Here's my thing: I have a tendency to take an idea, run with it as fast as I possibly can, and then dropping it like a bad habit anywhere from 24-48 hours after the obsession begins. Whether it's blogging, career possibilities, or working out, I go from 90 to nothin' pretty quickly.
I had determination to workout once. It began in early 2010 and lasted until about 2012. I'd go to the gym 5 times per week, count my calories. I got to my lowest weight and I still wanted to lose more. Looking back, I wish I could have just been happy at that weight instead of always striving to be thinner. This isn't going to turn into a story about an eating disorder; I just lost motivation and now I'm 15 pounds heavier than that lowest weight, and 5 pounds heavier than my usual fluctuation level.
This pisses me off to no end, and I'm done with it. Yeah, I have a full time job. Half of my job requires me to go to breakfasts and lunches and dinners where sometimes they have healthy options, and other times it's coconut shrimp galore. Because of all my before hours and after hours events, getting to the gym isn't nearly as easy as it used to be. In addition to which, I'm used to having a gym in my apartment complex or a 5 minute drive down the road. Now my gym is 5 miles away and takes about 15 minutes to get to on a good day. Motivation? I think not.
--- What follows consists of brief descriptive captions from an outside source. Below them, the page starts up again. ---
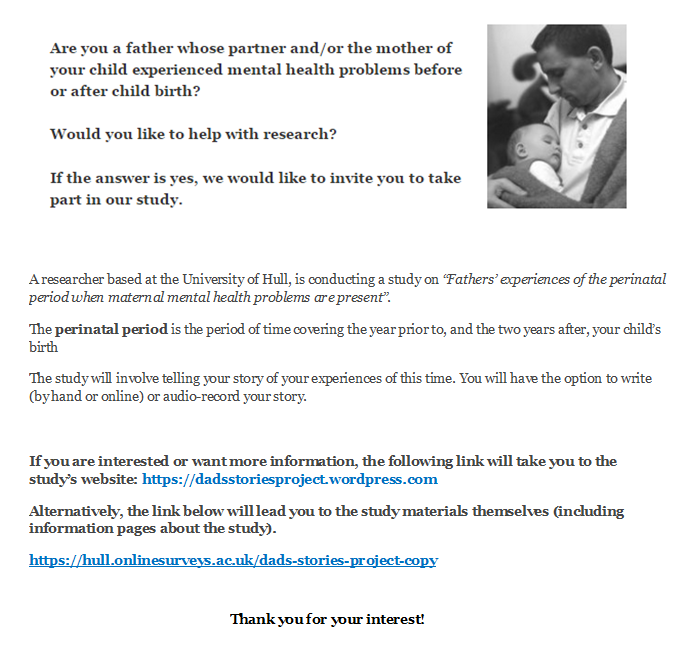 Important study in need of Dads!  goo.gl/AJEzM3 <a href="/JulieJomeen/">Julie Jomeen</a> <a href="/Pandas_uk/">PANDAS</a> <a href="/fatherhoodinst/">fatherhoodinst</a> <a href="/fathersreaching/">Fathers Reaching Out</a>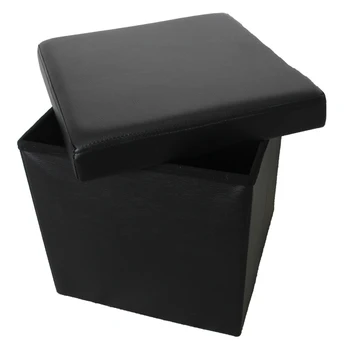 Custom Modern Design Factory Direct Sales Multifunctional Folding PVC Faux Leather Folding Storage Ottoman Stool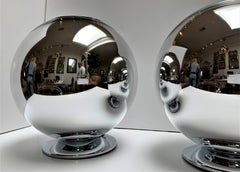 Rare paire de lampes sphériques en verre Mercure Vintage Italian Glass, excellent état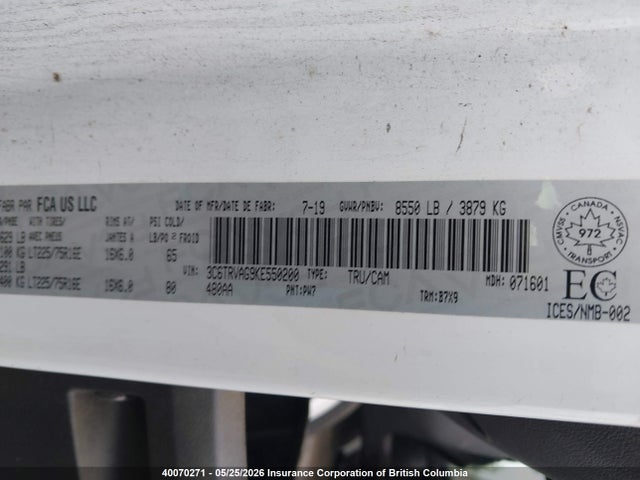 3C6TRVAG9KE550200 RAM Promaster 1500 1500 Standard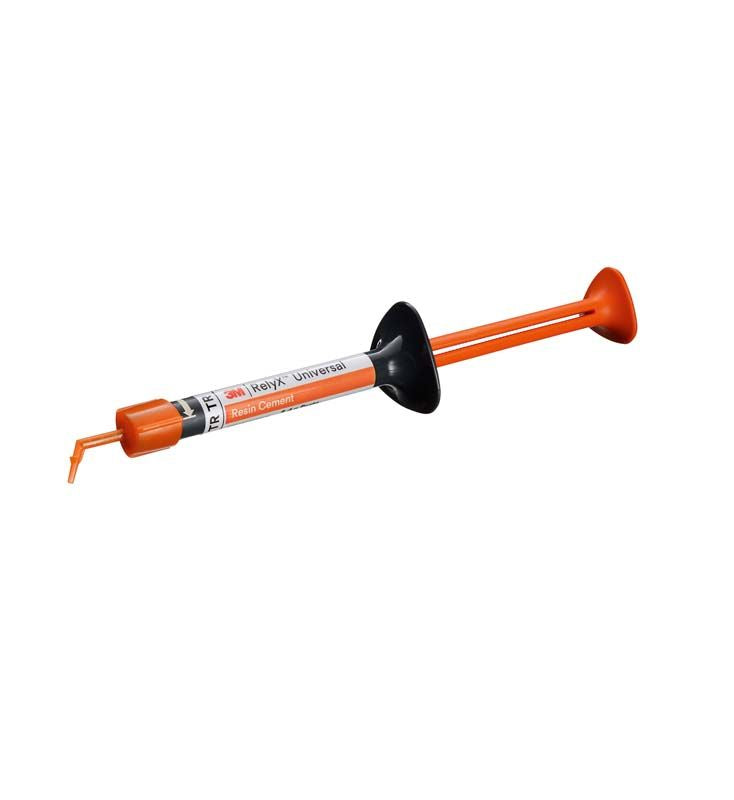 3M™ RelyX™ Universal Resin Cement Spritze mit orangem Applikationsaufsatz.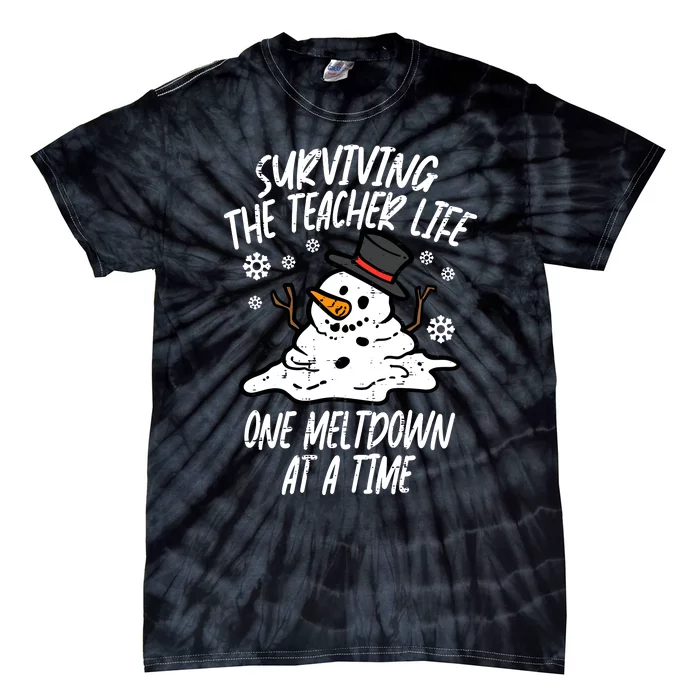 Christmas Surviving Teacher Life Meltdown Xmas Tie-Dye T-Shirt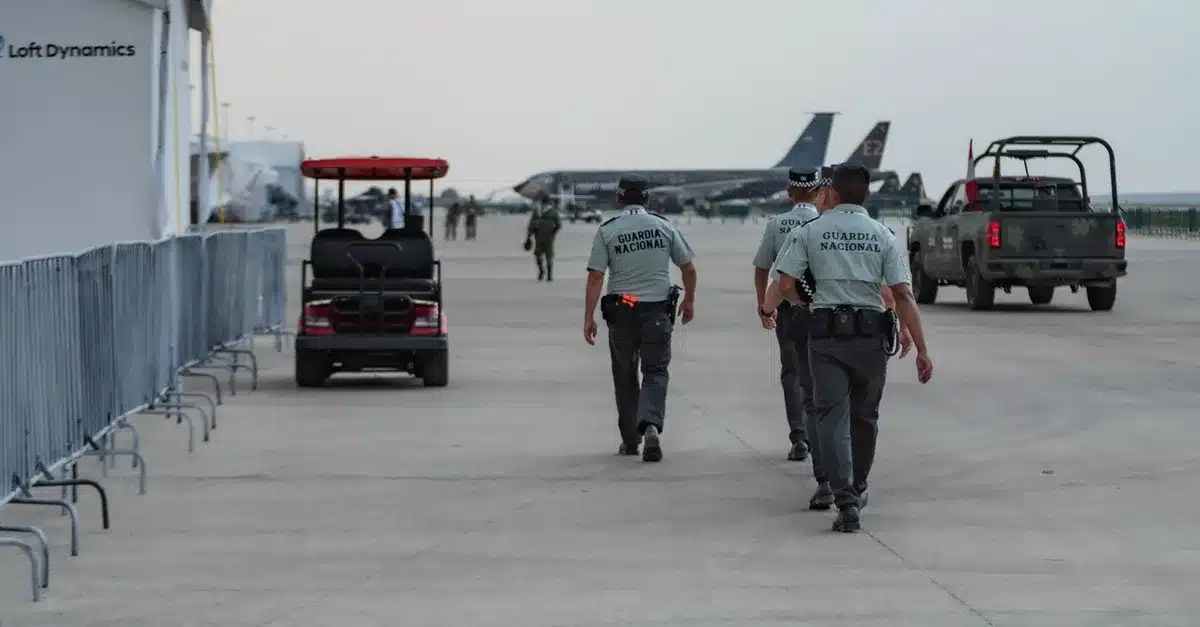 Base militare tedesca con perimetro sorvegliato e sistemi di difesa aerea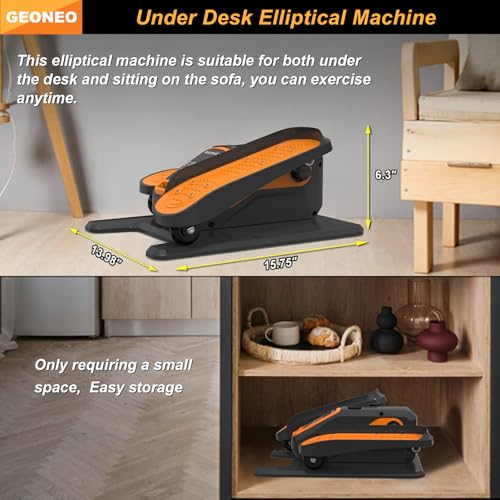 Image of Under Desk Elliptical Machine, Electric Elliptical Exerciser for Senior, Quiet & Small Electric Seated Pedal Exerciser for Home with Monitor, Remote Control & 12 Adjustable Speeds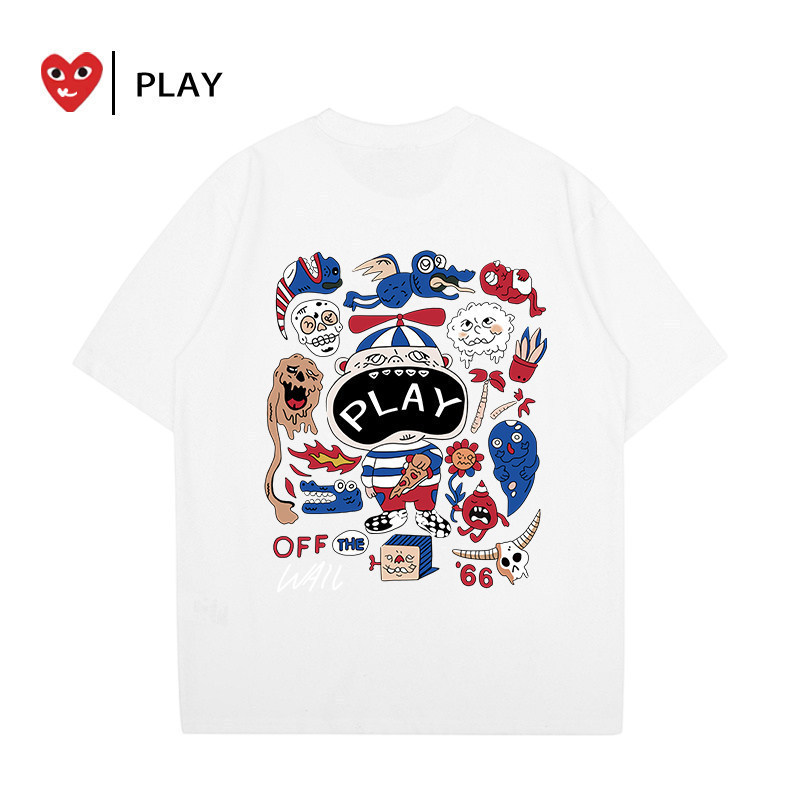 Camiseta de manga curta para casal PLAY CDG, novo estilo estampado Casual esportivo Top moderno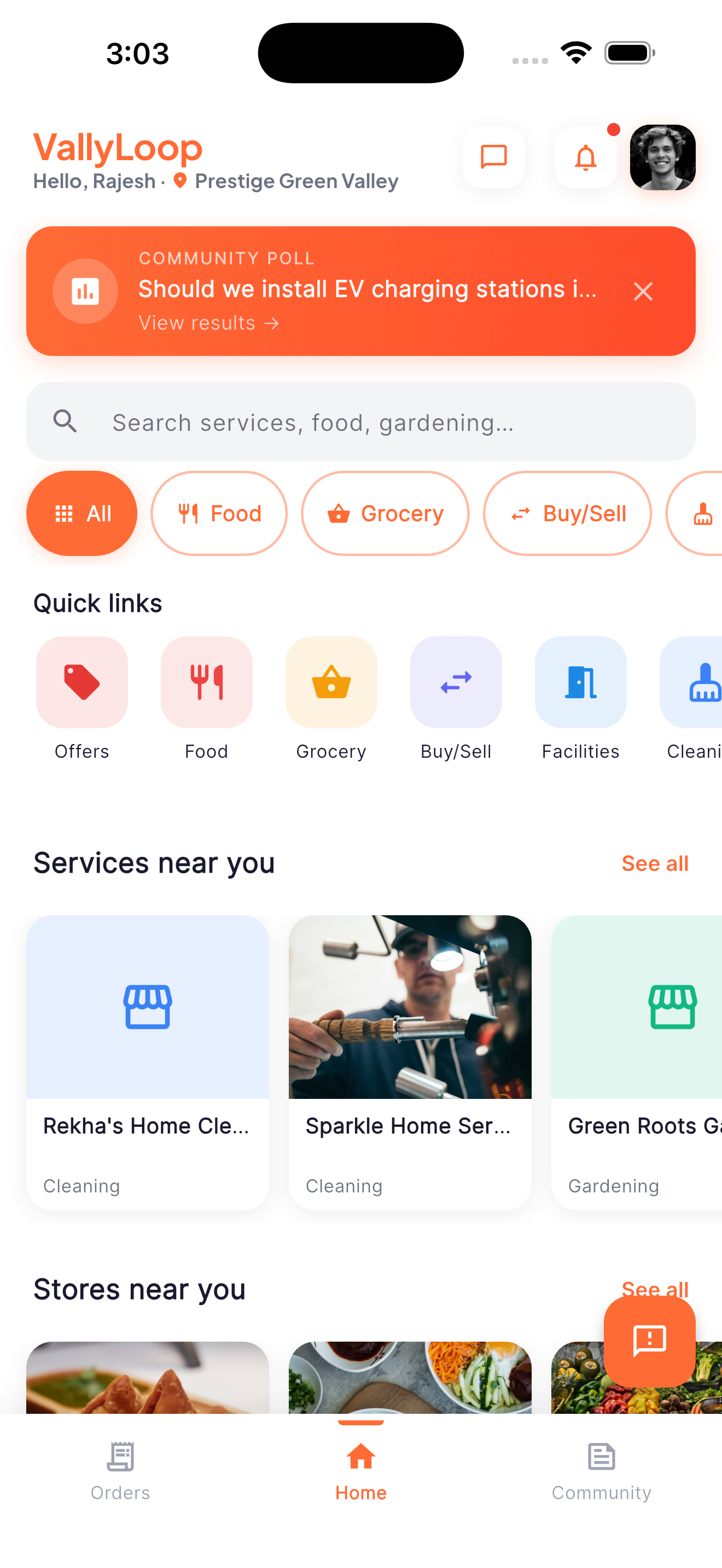 VallyLoop home screen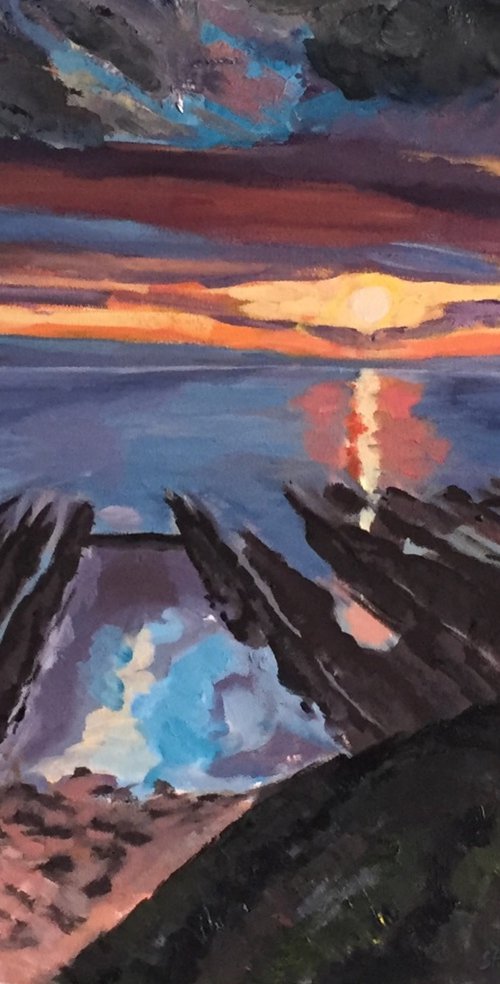 'Sunset over The West Braes, Pittenweem, Fife' by Stephen Howard Harrison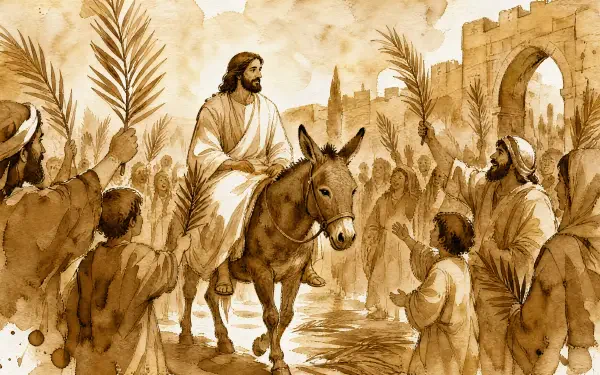 Palm Sunday 4K Ultra HD PC desktop wallpaper: sepia scene of Jesus riding a donkey through a crowd waving palm branches toward a city gate.
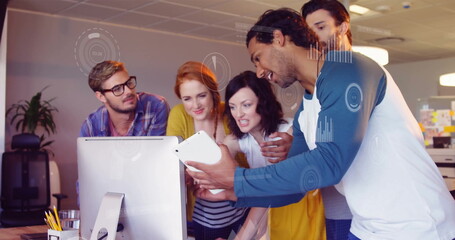 Aufkleber - Image of data processing and diagrams over diverse business people discussing work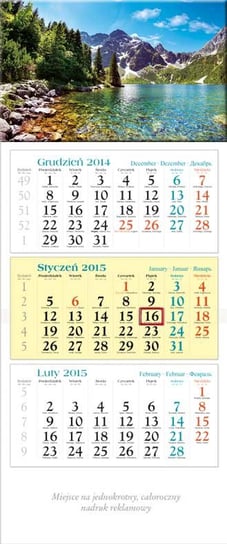 Lucrum, Kalendarz Jezioro 2015, trójdzielny, ścienny Lucrum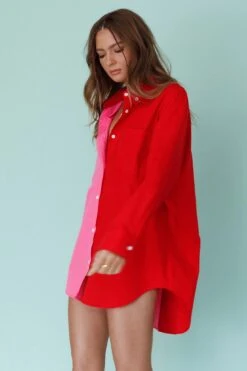Blanca Long Sleeve Button-Up Shirt Pink/Red -Selfie Leslie Shop SLMB9409 20PINK RED 5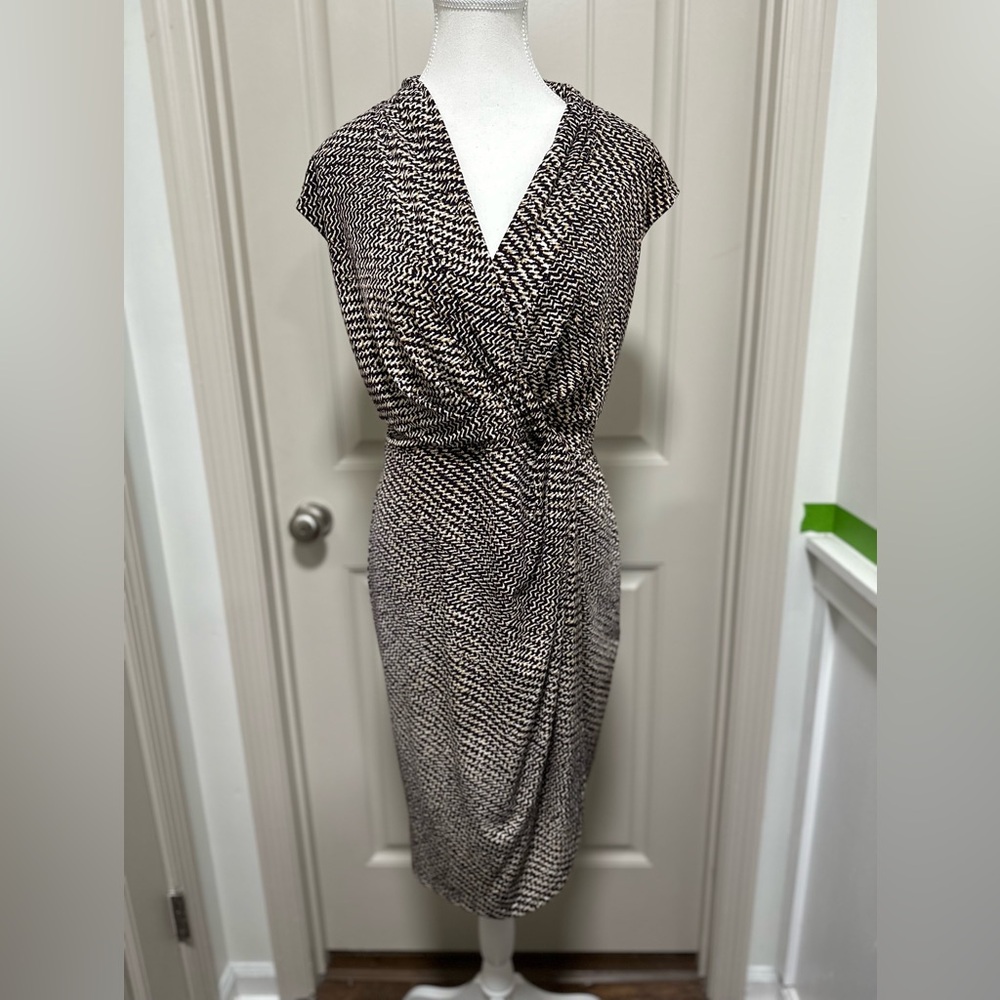 Chaps Monochrome Patterned Midi Dress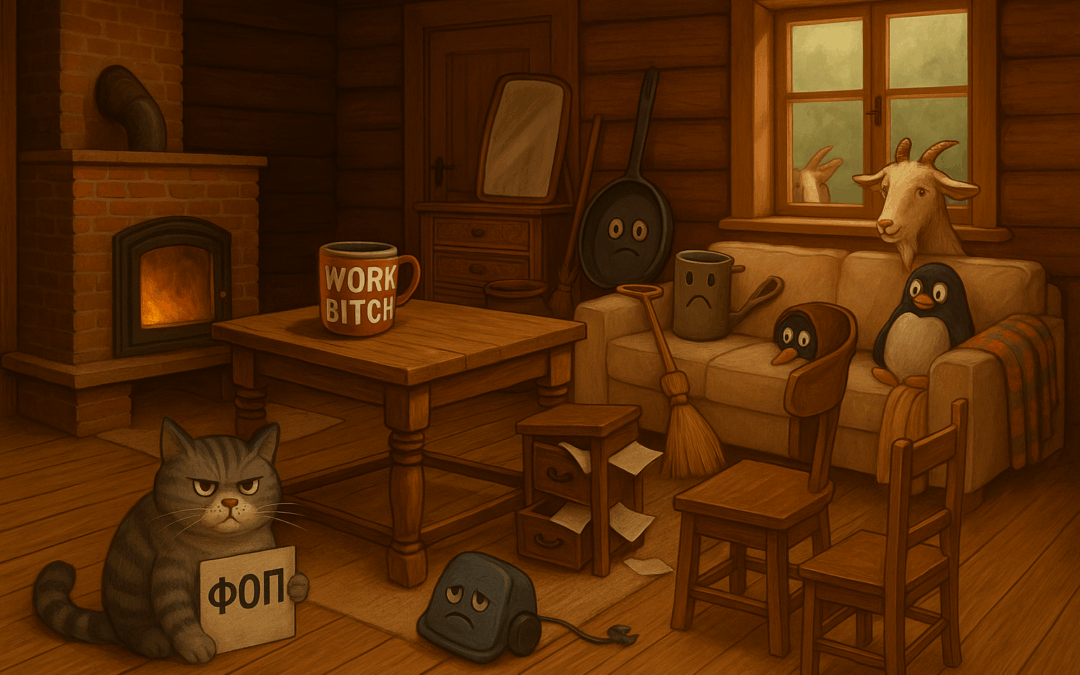 Интерьер деревянной избушки: тёплый свет, простая мебель, кресло, комод, камин и тишина. Комната будто затаилась в ожидании возвращения ведьмы.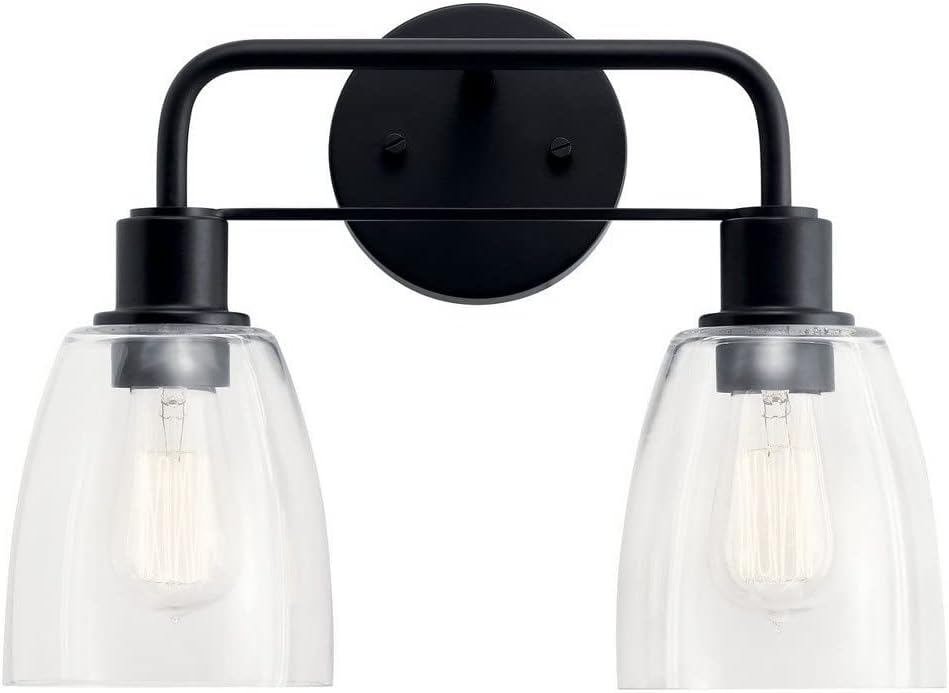 Lámpara baño 15.25pulg 2 luces níquel cepillado pared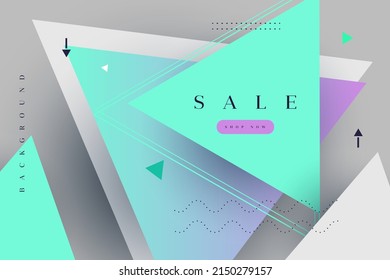 Creative vector template for banner with paper cut triangles green and purple colors and other geometric forms and lettering sale and button on the gray background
So what I'm saying is I'm hopping back on the fitness train. I'm not going to annoy the shit out of my Instagram followers with #fitlife posts or #progress. I'm just throwing away my excuses and taking it one step at a time. I'm giving myself one cheat day a week, and I will not go batshit crazy eating whatever I want on those days. I will plan my workouts ahead of time so I don't have an excuse for a half-ass workout. I'll force myself to go even when I don't want to, but I'll acknowledge my days that I really need rest. And for once, I'll feel 100% confident in a bikini. Summer 2014, I'm ready for ya (or I will be).